[Opening Input data section]
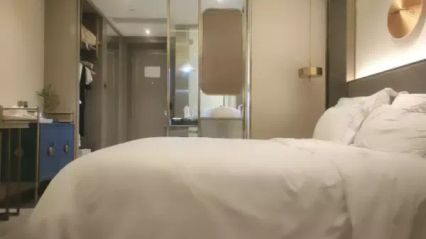 【小馬尋花】今夜約20歲外圍小姐姐，膚白貌美，甜美乖巧，特寫摳穴，口交給力啪啪，勁爆佳作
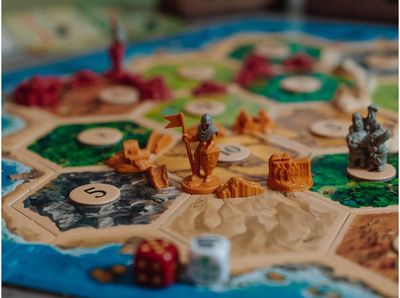 Stalo žaidimo CATAN papildymas Cities & Knights (miestai ir riteriai)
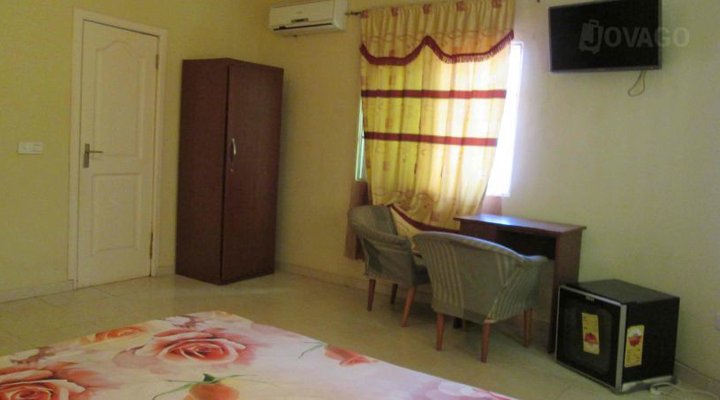 Dzifanor's Guest House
[Closing Input data section]
What to do: Return the listing unchanged except for the pictures, which should be dropped.

Solution for this problem:
 【小馬尋花】今夜約20歲外圍小姐姐，膚白貌美，甜美乖巧，特寫摳穴，口交給力啪啪，勁爆佳作
 Stalo žaidimo CATAN papildymas Cities & Knights (miestai ir riteriai)
 Dzifanor's Guest House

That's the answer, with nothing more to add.